- TASK
Exclude the pictures and retype the entries as written.

(ENTRIES SUPPLIED Opens)

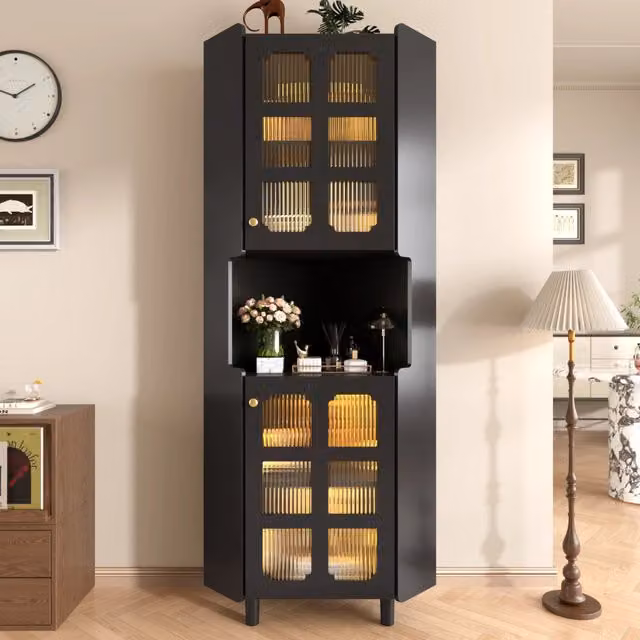 Armadio angolare moderno REDOM in MDF nero con ante in vetro e illuminazione LED integrata L: 63,5 cm, H: 157,5 cm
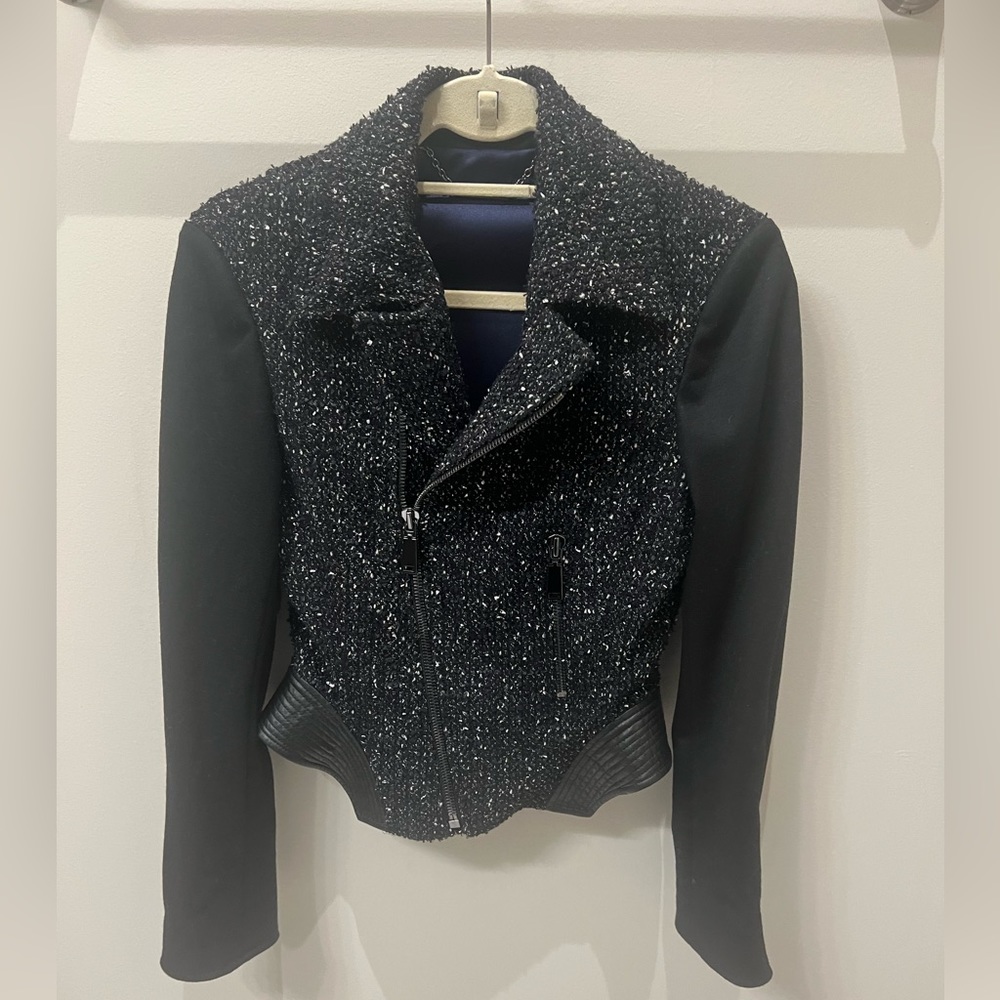 Elie Tahari Wool/Tweed w/ Leather Trim Moto Biker Jacket in Black/White, Size 2
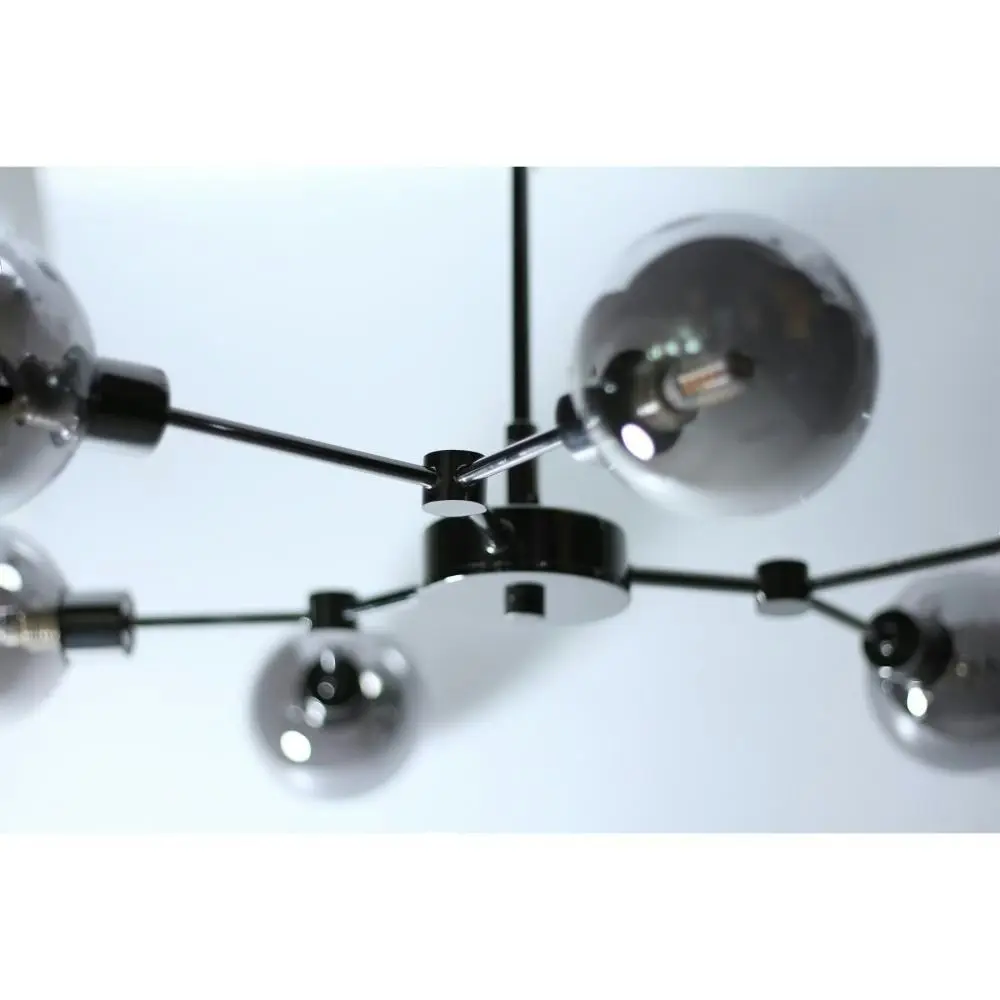 Ellison 6 Lights Modern Elegant Pendant Lamp Ceiling Light - Black Chrome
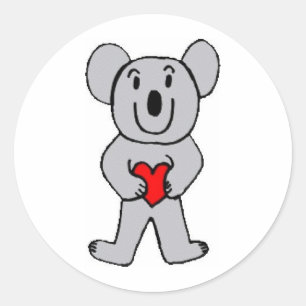 Pegatina Redonda ¡pegatinas de Koala enamorados!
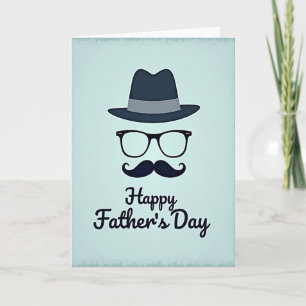 Tarjeta del Día del Padre con sombrero añil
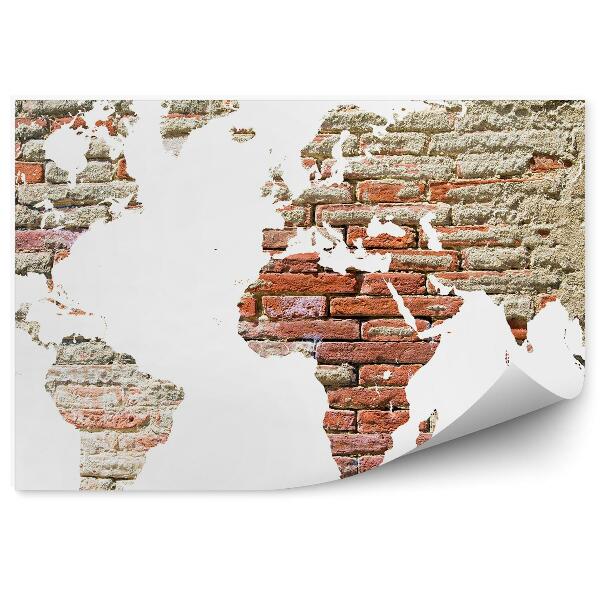 Fototapeta Mapa sveta so starnúcimi tehlami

(ENTRIES SUPPLIED Closes)

- RESPONSE TO THE TASK
 Armadio angolare moderno REDOM in MDF nero con ante in vetro e illuminazione LED integrata L: 63,5 cm, H: 157,5 cm
 Elie Tahari Wool/Tweed w/ Leather Trim Moto Biker Jacket in Black/White, Size 2
 Ellison 6 Lights Modern Elegant Pendant Lamp Ceiling Light - Black Chrome
 Pegatina Redonda ¡pegatinas de Koala enamorados!
 Tarjeta del Día del Padre con sombrero añil
 Fototapeta Mapa sveta so starnúcimi tehlami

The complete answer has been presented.